Lucy pops her head round the door.
‘Has everyone got a drink?’
‘Oh God, sorry!’ I jump up, grab her glass and the bottle. ‘I never…’
I follow her through to the kitchen, pour her a drink, and set about prepping the cheeseboard. I’ll apologise to Benedict later, I think to myself as I wash the grapes, for dashing off when he was mid-sentence. It’s probably for the best though. I’ve spent the last twenty-four hours trying – and according to Freddie failing – not to look at Benedict in an adoring way. Now I’m looking at cheese in an adoring way whilst chatting to Lucy, and it’s much less draining. Tomorrow I’ll email my mother and ask her how one participates in a social engagement without constantly desiring the attention of a tall, sensitive musician with cheekbones fit for the catwalk.

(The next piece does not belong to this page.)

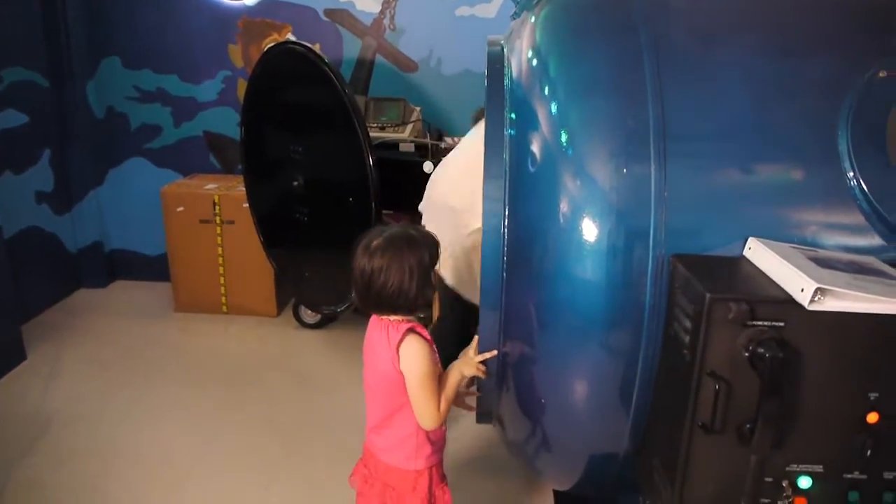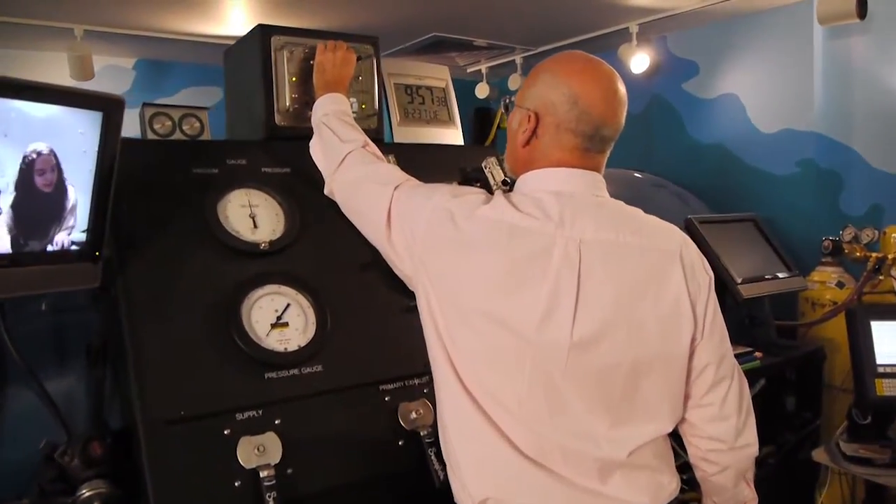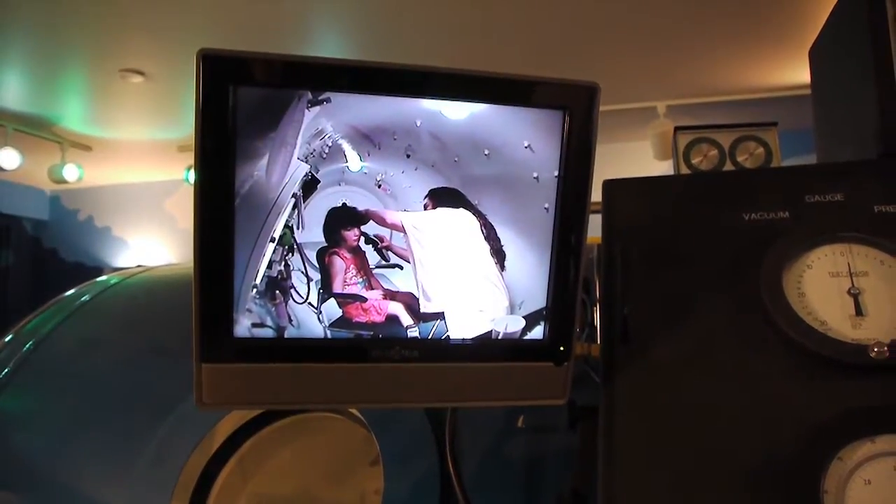What we're seeing today is a pressure chamber. This pressure chamber is like walking into a little submarine — you walk in and the pressure can be altered to mimic going up and down a mountain, or going up the U.S. Steel Building and coming down the elevators.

I look round to see Benedict, all 6ft5 of him, enter the kitchen. Next thing I know he’s found the grater and is making short shrift of a block of cheddar. I’m surprised. I’d thought him the kind of guy who’d be perfectly happy kicking back on the sofa, life and dinner party prep passing him by.

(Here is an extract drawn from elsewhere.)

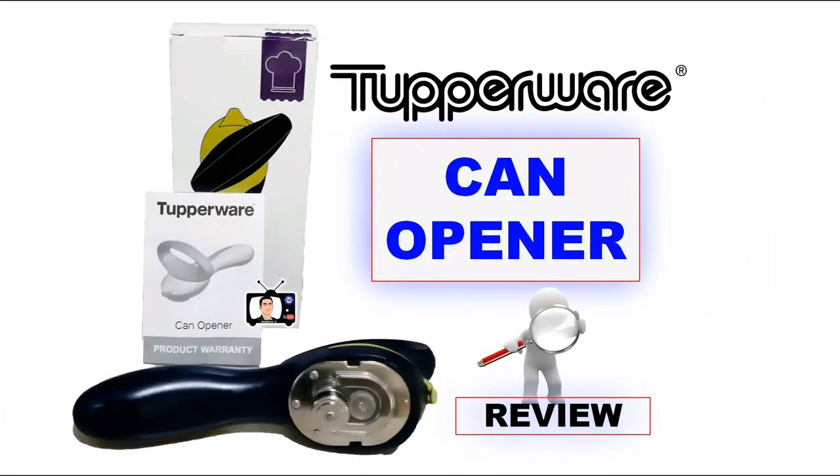Hi guys, welcome back to my channel. We're moving from tutorial videos to a product review video today, so let's see if I'm going to do well on this kind of review edition.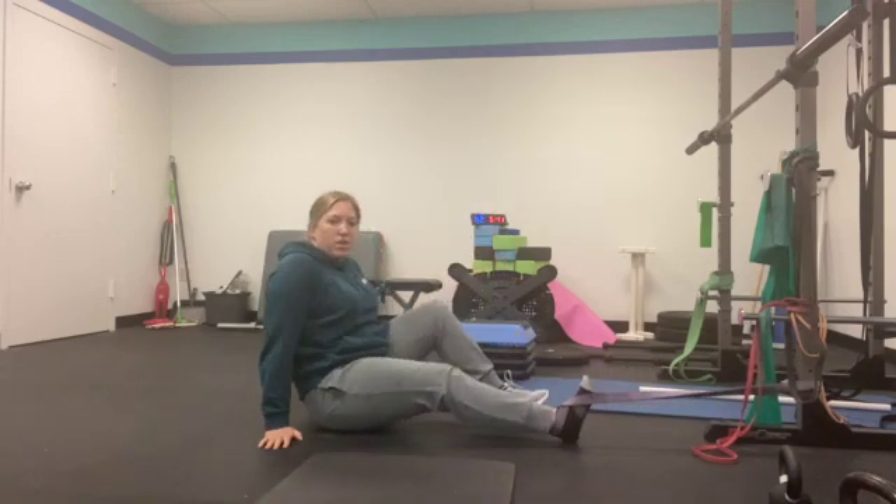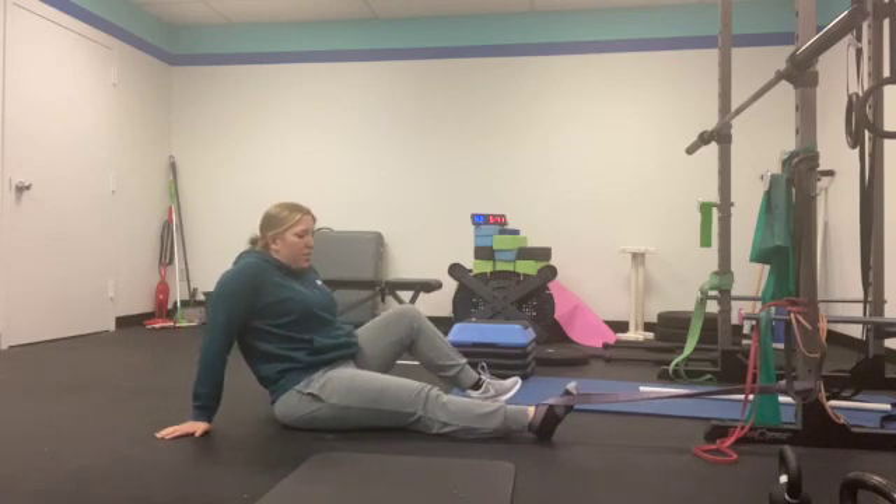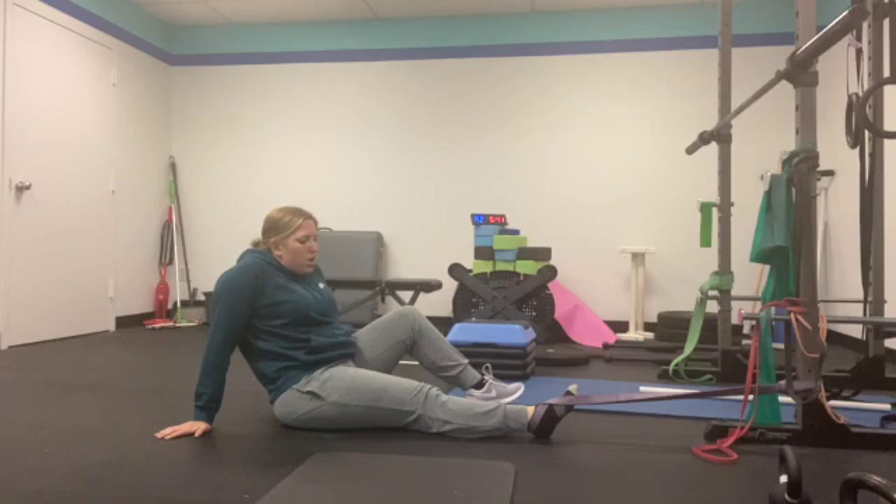Flex your foot and begin to scoot back and away from the band so you feel a stretch on your ankle. It shouldn't be a massive stretch — just a small pull on your ankle. Try to relax into that position as much as is comfortable.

‘Sorry,’ Lucy says to me, ‘when you got the invitation to dinner you probably didn’t think you’d end up in the kitchen!’
‘No, I like it!’ I say. ‘It might sound weird but I almost prefer it, having a use.’
‘So do I.’
I glance over at the speaker. He’s finished grating cheese and is busy arranging flowers in a makeshift vase. Task complete, he wanders over to where I’m standing. He takes a grape from the washed bunch, and eats it.

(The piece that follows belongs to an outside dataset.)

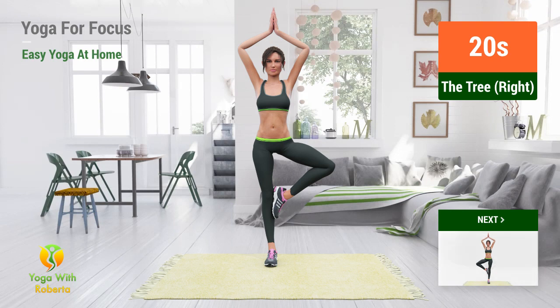Up next: The tree. In 5, 4, 3, 2, 1, go.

‘Oi!’ It’s hardly a reprimand. He reaches for another; I brush his hand away. ‘You can have one of those,’ I say, pointing to the packet, ‘but they’re not washed.’
He looks at the wrapper. ‘But they are “sweet and succulent”, so that’s fine.’
I smile. ‘Sorry for dashing off earlier by the way. I suddenly remembered I was supposed to be getting Lucy a drink. You – you were saying…’
Under the intense gaze of amber eyes, I’ve little to no chance of remembering.
He half-smiles. ‘What was I saying?’
‘I think you were telling me where you’re from – to check you were from the right…’
‘World’ is on the tip of my tongue, meant as an (admittedly lame) joke, but the problem is, well, it’s just way too close to the bone. There’s something otherworldly about this guy. He belongs in Camelot or Narnia or… anywhere but here. So instead I say,
‘… part of the world.’
And end up sounding like a snob. We joke about my choice of words. How can someone so ethereal be at the same time witty, sharp, charming…? Inwardly I curse Freddie. He’d put us next to each other at dinner the night before. When it came to rotating for the second course, Freddie took his place.
‘What are you going to call him?’
‘In the blog? Have you chosen a name yet?’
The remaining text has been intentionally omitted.